SUPREME COURT OF THE STATE OF NEW YORK APPELLATE DIVISION SECOND JUDICIAL DEPARTMENT
February 9, 2010
THE PEOPLE, ETC., RESPONDENT,
RODNEY RABSATT, APPELLANT.
Appeal by the defendant from a judgment of the Supreme Court, Kings County (D'Emic, J.), rendered May 16, 2005, convicting him of murder in the second degree, upon his plea of guilty, and imposing sentence.
Published by New York State Law Reporting Bureau pursuant to Judiciary Law § 431.
This opinion is uncorrected and subject to revision before publication in the Official Reports.
JOSEPH COVELLO, J.P., FRED T. SANTUCCI, HOWARD MILLER & RANDALL T. ENG, JJ.
(Ind. No. 6812/03)
DECISION & ORDER
ORDERED that the judgment is affirmed.
Contrary to the defendant's contention, the Supreme Court did not improvidently exercise its discretion in permitting several of the deceased victim's family members, and one long-time friend, to speak at sentencing (see People v Hemmings, 2 NY3d 1; People v Harrington, 14 AD3d 944). CPL 380.50(2), which gives victims of felony offenses a statutory right to make a statement at sentencing, does not "restrict a sentencing court's discretionary authority to allow others close to the victim to address the court" (People v Hemmings, 2 NY3d at 6). Moreover, the defendant received the sentence promised to him in the plea agreement and, thus, was not prejudiced by the victim impact statements.
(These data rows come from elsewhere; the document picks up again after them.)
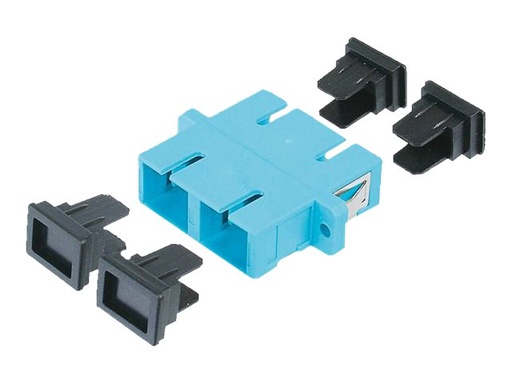 [DN-96005-1] DIGITUS Netzwerkkoppler - SC multi-mode (W)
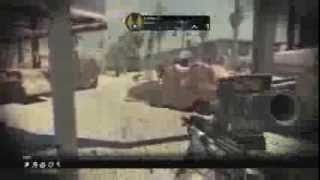 First Private Match Killcam On Ghosts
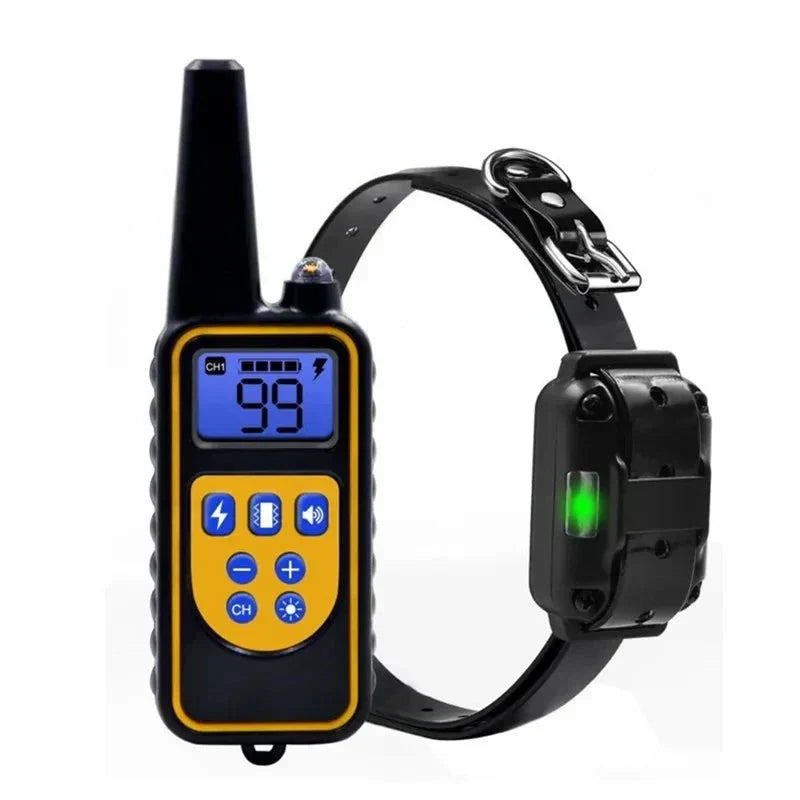 Amtn Club | Collier de Dressage Électronique Chien – Norvo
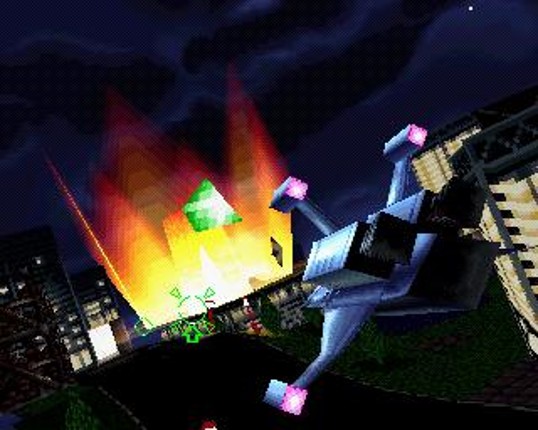 Invasion From Beyond Image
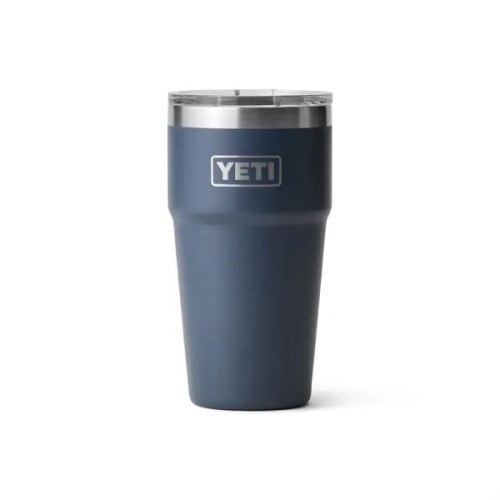 20 oz YETI® Rambler Stainless Steel Insulated Stackable Cup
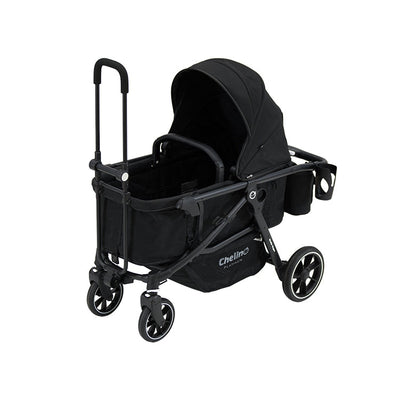 Switchable Wagon Travel System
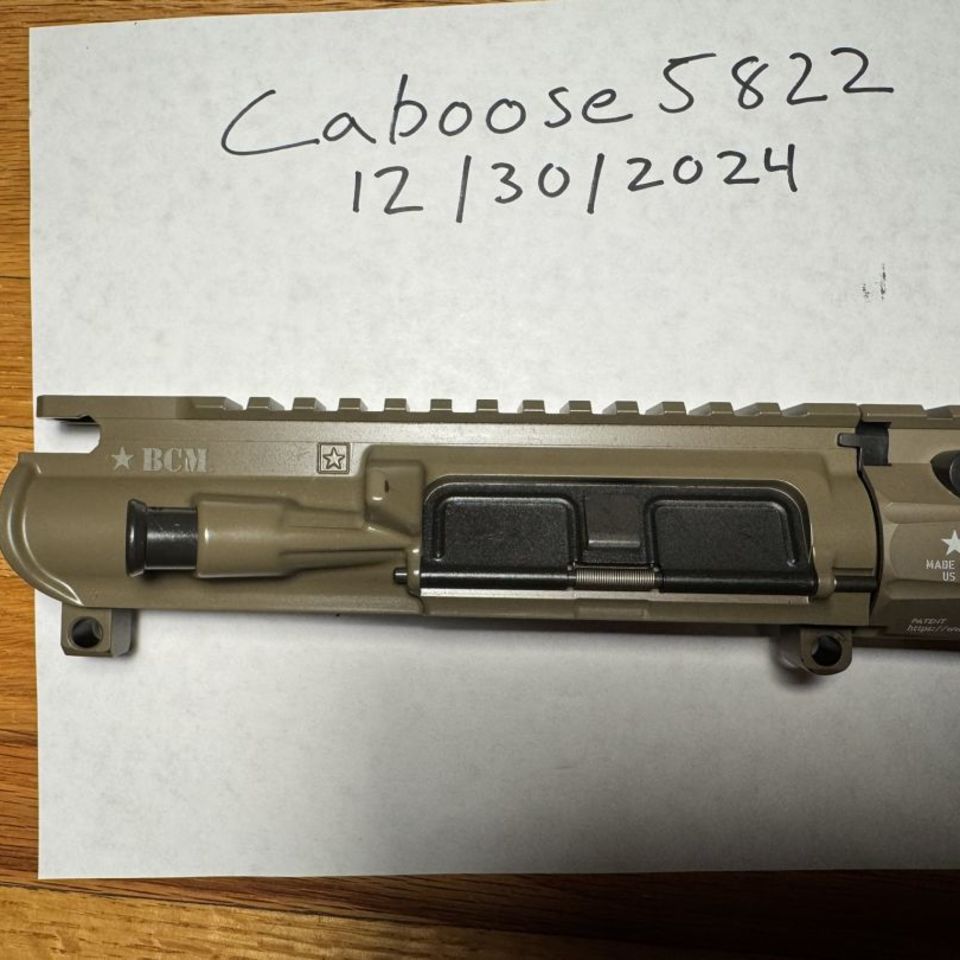 Image 2 - BCM STD MK2 Stripped Upper 16"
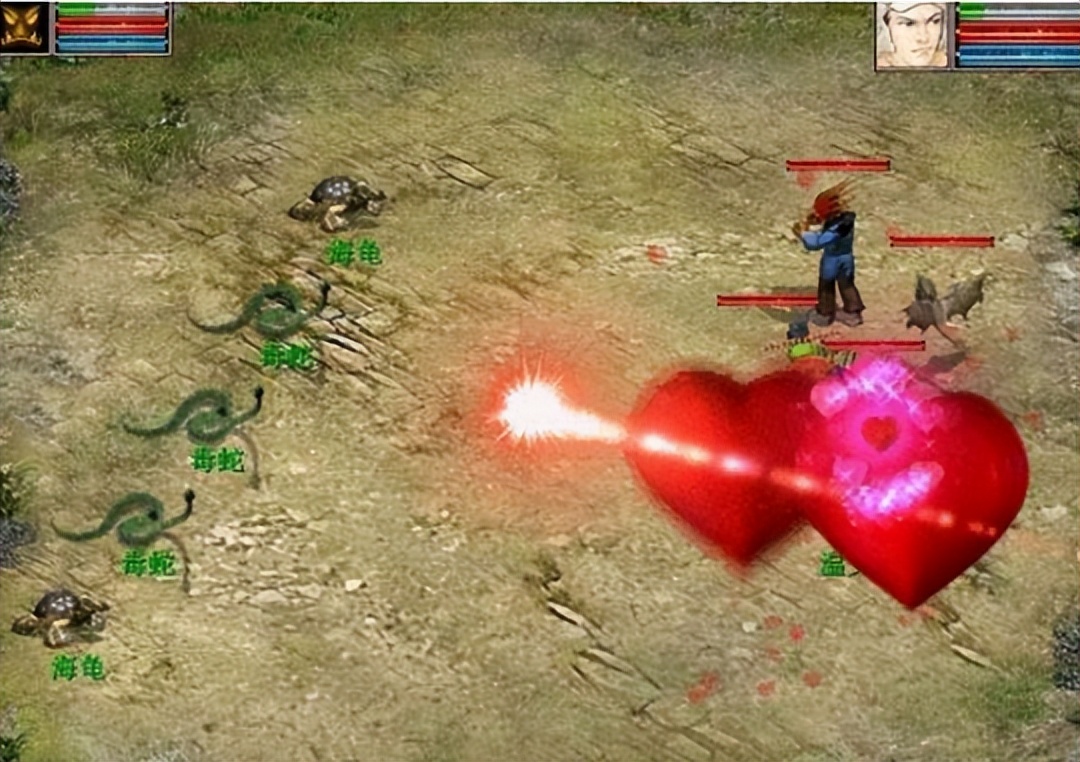 大话西游2砍龙,大话西游215-22层攻略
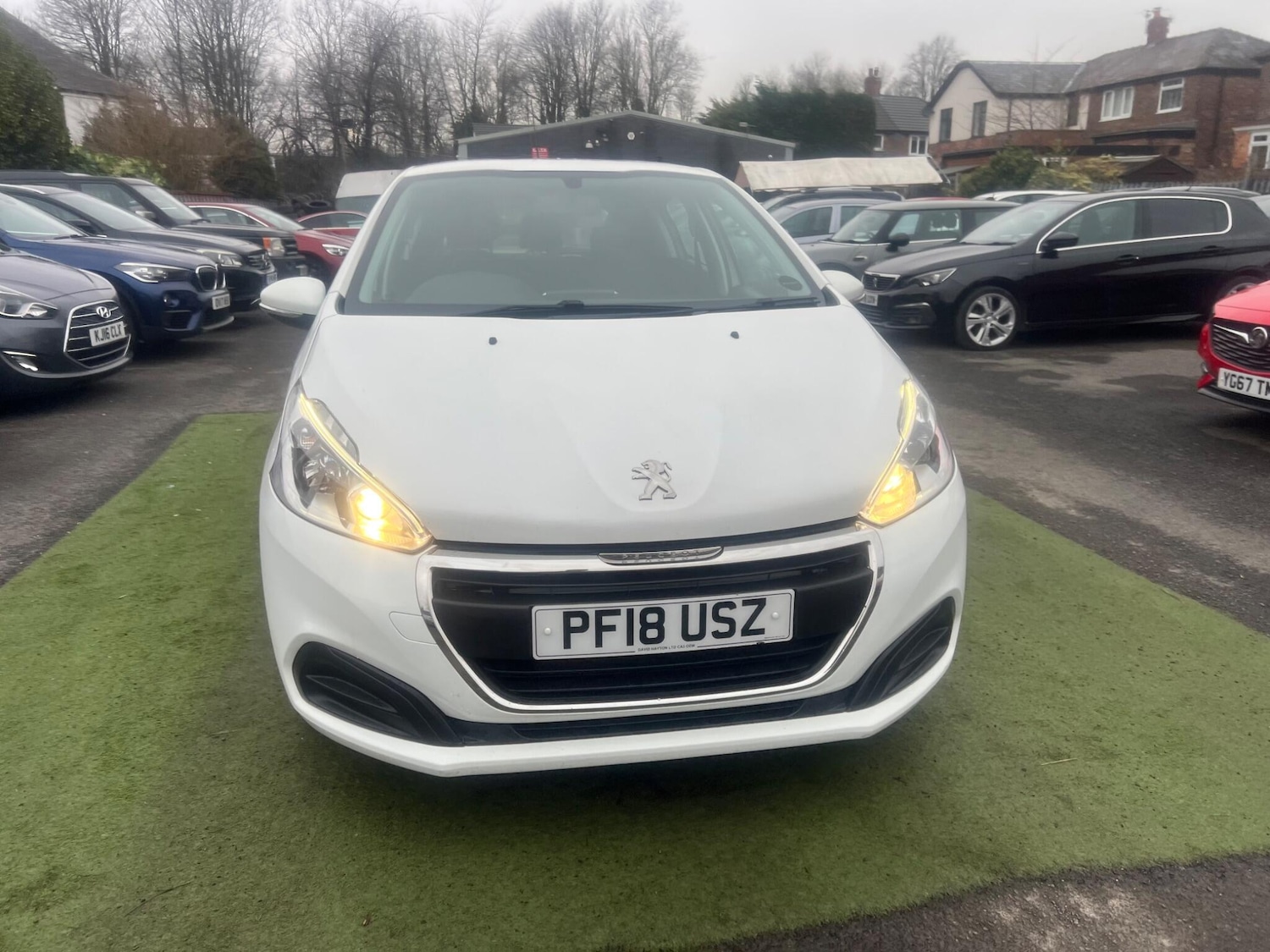 Used Peugeot 208 2018 for sale - 77344876: Photo 2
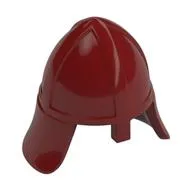 Helmet Castle with Neck Protector
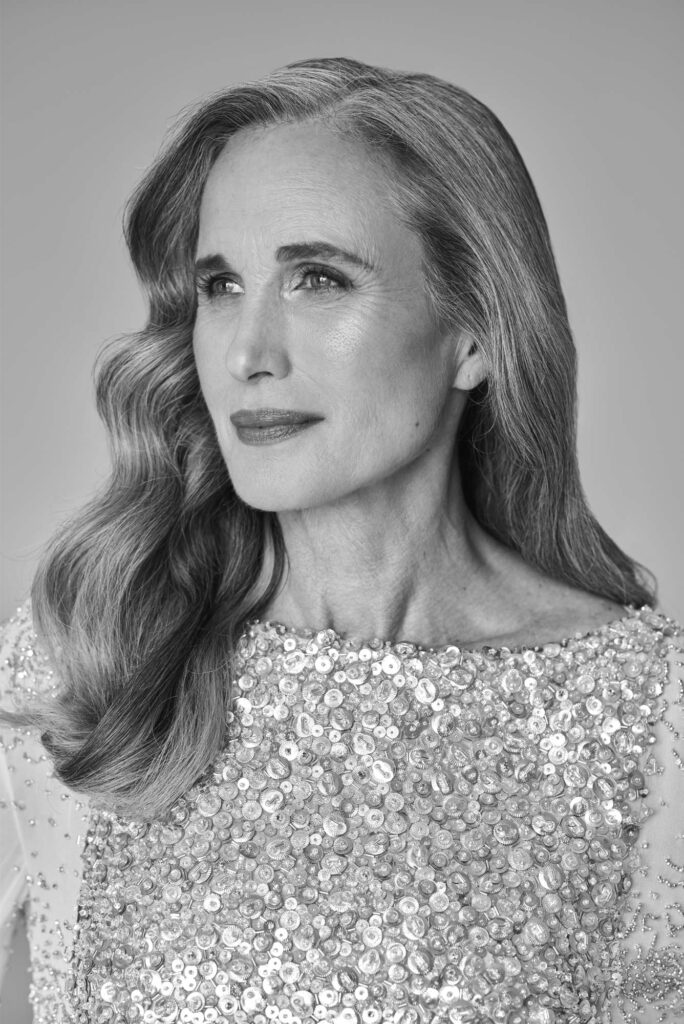 Andie Macdowell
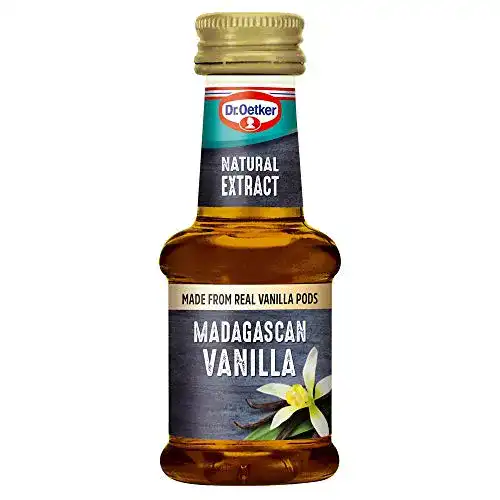 Vanilleextrakt Dr. Oetker Natural Extract Madagascan Vanilla 35ml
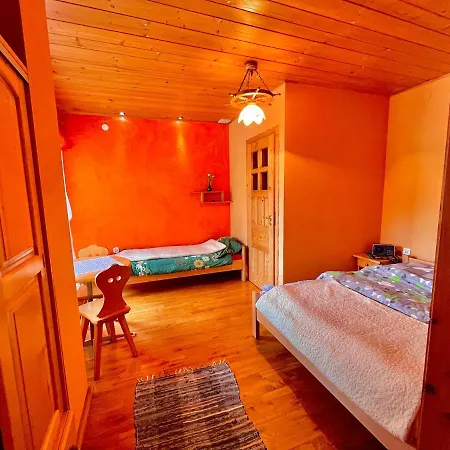 Turbacz Goscinne Homestay *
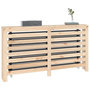 Voir la diapositive 4 : VIDAXL Cache-radiateur 153x19x84 cm Bois massif de pin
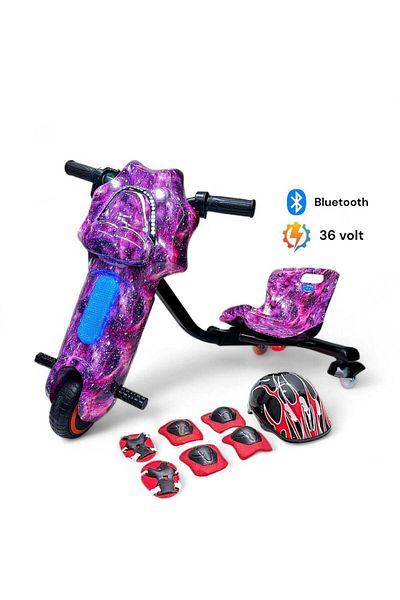 Other Safe 36V Electric Scooters for Kids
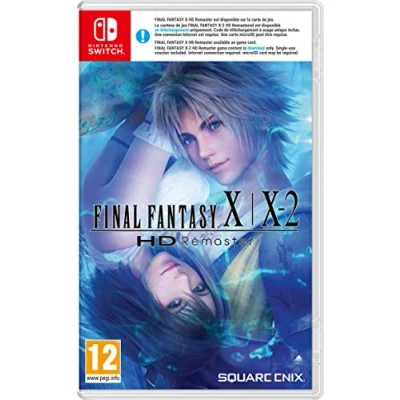 Image de Final Fantasy X / 2 HD Remaster Jeu Switch Neuf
Since the defendant pleaded guilty with the understanding that he would receive the sentence which was thereafter actually imposed, he has no basis to now complain that the sentence was excessive (see People v Petteway,AD3d, 2010 NY Slip Op 00180 [2d Dept 2010]; People v De Alvarez, 59 AD3d 732, 733; People v Kazepis, 101 AD2d 816, 817). In any event, the sentence imposed was not excessive (see People v Suitte, 90 AD2d 80).
COVELLO, J.P., SANTUCCI, MILLER and ENG, JJ., concur.